Jerome Witkin has not only an extraordinary talent, but the drive and imagination to go with it. He draws beautifully, paints with the assurance and verve of a master, and fashions images that grapple with and illuminate some of the most crucial and vexing issues of our time.

His huge 1979-81 triptych, ``Death as an Usher: Germany, 1933,'' depicts individual acts of Nazi brutality and murder in a format that is both startlingly real and reminiscent of some of Goya's and Munch's more symbolic and unsettling works. ``The Devil as a Tailor'' further examines some of man's diabolical inclinations by portraying Satan in the act of sewing soldiers' and political prisoners' uniforms -- as well as the yellow-starred suit of a German Jew. And in ``The Screams of Kitty Genovese,'' hum an callousness is laid bare with the depiction of two lovers only momentarily diverted by a young murder victim's desperate cries for help.

Such themes do not, of course, guarantee art. Complex narrative paintings demand not only traditional artistic skills, but the more theatrical ones involving staging, lighting, storytelling, and character development. Fortunately for him -- and for us -- Witkin possesses all of these, plus the aptitude for carpentry required to help construct the elaborate and authentic ``stage sets'' within which he places his models, as well as the patience needed to discuss the subtleties of costume, pose, and charac terization with those who sit for him.
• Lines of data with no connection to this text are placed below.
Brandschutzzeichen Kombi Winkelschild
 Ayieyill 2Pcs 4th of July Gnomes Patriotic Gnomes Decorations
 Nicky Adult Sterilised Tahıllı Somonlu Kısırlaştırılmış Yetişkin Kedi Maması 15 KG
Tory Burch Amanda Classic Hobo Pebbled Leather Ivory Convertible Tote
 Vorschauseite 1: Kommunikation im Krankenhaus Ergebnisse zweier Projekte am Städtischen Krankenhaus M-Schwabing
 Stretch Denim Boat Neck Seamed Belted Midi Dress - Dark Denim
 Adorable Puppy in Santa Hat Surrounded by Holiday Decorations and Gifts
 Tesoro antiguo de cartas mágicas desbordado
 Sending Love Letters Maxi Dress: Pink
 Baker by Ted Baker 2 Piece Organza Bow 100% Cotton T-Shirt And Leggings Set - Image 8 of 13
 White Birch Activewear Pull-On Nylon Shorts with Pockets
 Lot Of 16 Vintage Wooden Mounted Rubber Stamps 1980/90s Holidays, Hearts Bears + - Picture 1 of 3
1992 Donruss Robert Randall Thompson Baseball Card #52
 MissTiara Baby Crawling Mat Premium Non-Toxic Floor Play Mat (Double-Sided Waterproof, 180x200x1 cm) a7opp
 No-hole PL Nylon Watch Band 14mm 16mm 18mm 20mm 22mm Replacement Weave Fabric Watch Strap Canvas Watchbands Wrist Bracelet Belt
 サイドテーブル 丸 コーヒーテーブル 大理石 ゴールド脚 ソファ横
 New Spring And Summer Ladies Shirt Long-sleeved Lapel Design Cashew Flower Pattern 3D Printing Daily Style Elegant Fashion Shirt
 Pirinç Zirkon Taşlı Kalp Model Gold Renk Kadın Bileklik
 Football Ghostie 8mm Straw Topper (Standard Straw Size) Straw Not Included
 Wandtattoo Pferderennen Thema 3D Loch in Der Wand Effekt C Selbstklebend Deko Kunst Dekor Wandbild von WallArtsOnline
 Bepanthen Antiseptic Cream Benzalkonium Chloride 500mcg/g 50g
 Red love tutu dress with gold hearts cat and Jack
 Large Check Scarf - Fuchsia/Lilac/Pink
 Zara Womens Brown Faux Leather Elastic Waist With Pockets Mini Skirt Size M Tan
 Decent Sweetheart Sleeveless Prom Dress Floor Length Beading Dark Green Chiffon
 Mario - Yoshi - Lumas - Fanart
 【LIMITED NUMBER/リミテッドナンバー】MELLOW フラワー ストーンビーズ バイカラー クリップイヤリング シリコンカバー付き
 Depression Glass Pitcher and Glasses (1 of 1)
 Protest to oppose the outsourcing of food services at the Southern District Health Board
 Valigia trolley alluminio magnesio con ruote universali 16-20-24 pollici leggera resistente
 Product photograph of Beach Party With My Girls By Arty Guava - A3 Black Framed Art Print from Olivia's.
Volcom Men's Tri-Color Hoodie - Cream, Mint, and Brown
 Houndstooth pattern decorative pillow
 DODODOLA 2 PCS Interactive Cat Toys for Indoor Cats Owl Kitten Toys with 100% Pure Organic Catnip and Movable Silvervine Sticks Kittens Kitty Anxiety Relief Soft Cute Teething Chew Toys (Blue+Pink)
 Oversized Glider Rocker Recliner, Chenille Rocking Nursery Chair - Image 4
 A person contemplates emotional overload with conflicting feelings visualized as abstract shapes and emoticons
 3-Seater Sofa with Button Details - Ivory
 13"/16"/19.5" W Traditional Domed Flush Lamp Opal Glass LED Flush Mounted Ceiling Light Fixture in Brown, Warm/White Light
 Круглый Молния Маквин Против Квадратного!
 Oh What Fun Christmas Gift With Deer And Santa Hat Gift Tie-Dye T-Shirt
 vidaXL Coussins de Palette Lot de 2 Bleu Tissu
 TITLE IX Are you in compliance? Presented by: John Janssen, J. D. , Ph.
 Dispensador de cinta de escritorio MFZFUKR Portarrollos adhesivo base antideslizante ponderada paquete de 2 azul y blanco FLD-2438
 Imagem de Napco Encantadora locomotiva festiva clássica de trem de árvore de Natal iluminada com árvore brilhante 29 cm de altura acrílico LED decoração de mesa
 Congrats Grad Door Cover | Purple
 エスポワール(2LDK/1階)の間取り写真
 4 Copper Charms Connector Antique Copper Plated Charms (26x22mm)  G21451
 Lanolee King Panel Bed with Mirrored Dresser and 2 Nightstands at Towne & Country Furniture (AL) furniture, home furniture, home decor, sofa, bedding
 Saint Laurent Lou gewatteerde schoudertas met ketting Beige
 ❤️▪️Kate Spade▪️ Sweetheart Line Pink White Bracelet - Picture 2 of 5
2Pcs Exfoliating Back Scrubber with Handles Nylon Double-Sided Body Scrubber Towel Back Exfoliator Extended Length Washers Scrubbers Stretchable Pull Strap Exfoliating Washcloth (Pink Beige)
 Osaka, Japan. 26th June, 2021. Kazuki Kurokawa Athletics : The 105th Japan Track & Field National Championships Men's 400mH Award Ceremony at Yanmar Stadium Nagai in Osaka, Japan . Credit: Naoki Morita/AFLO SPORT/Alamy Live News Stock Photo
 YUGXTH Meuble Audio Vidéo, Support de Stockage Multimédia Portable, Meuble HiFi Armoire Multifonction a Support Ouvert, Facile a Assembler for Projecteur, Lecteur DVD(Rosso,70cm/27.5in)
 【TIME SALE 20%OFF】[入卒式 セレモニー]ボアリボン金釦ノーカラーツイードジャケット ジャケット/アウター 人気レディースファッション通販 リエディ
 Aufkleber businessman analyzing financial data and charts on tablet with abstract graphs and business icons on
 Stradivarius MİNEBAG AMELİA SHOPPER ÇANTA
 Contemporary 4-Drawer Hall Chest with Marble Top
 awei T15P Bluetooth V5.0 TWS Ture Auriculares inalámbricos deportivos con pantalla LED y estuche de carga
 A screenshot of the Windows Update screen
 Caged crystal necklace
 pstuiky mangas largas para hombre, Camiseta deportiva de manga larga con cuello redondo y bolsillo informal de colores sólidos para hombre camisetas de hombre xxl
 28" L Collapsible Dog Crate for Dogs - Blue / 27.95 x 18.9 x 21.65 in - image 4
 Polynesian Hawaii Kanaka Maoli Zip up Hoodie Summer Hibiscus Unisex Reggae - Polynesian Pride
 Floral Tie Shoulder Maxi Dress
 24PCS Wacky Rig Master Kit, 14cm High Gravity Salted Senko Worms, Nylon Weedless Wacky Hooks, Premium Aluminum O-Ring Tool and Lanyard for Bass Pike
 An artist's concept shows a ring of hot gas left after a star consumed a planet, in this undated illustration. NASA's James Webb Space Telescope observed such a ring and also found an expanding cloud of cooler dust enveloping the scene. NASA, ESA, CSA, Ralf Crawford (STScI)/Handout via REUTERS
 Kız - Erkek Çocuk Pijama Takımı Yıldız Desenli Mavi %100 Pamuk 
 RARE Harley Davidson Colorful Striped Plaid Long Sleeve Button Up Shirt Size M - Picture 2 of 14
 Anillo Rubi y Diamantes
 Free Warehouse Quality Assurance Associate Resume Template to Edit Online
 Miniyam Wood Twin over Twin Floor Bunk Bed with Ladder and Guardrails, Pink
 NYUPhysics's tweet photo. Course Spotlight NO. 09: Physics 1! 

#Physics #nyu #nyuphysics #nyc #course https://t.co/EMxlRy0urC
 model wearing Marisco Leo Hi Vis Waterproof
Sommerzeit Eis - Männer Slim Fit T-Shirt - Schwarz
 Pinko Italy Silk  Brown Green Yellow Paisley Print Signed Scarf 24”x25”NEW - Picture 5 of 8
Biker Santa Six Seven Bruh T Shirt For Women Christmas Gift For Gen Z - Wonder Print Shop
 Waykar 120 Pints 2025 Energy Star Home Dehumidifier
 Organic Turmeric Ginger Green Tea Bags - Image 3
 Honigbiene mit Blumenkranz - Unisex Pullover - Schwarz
Dramatic evidence of the above can be found in his current one-man show at the Sherry French Gallery here. Included in this survey of work produced during the past two years are ``Division Street,'' a large triptych depicting the effects of jealousy, frustration, and rage upon a married couple; a powerful diptych focusing on the issue of moral responsibility; and several smaller but no less effective narrative paintings and portraits.

The triptych is a particularly good example of Witkin's use of comic-strip and cinematic devices to speed the action from one panel to another. It also clearly indicates how he uses color to define mood and emotional content, in this case by moving from harsh greens (to denote jealousy) in the first image to softer blue-greens and grays as the woman vents her rage by hurling dishes at the man, and as she then seethes with resentment while cleaning up the mess.

All this is presented in a style as faithful in its depictions of people and things as any to be found today. Witkin wants to make his point as clearly and unambiguously as the old masters made theirs. Not only is he unconcerned about possible accusations that he is, as a result, academic or merely illustrational; he actually welcomes the risks involved as a challenge to his ingenuity and seriousness of purpose.

Above all, he wants to be understood. Pretension and pomposity are not for him.

In his own words, ``My art is about meditations on life experiences using, during every moment of creating it, the knowledge that someone will join in with my caring abut this. . . . I believe in accessibility without confusion or barrier, and in words like tender and sharing.''

In a very real sense, Witkin's paintings are morality plays in which human dramas representing conflicts between such things as good and evil, love and hate, the creative and the destructive, are acted out. As such, they are powerful and often very moving. A few, in fact, must already be counted among the most memorable pictures of the past decade. What happens next is up to Witkin himself. He has what it takes to produce truly major art and, at mid-career, he shows every indication of being about to do

so.

At the Sherry French Gallery, 41 West 57 Street, through Nov. 30.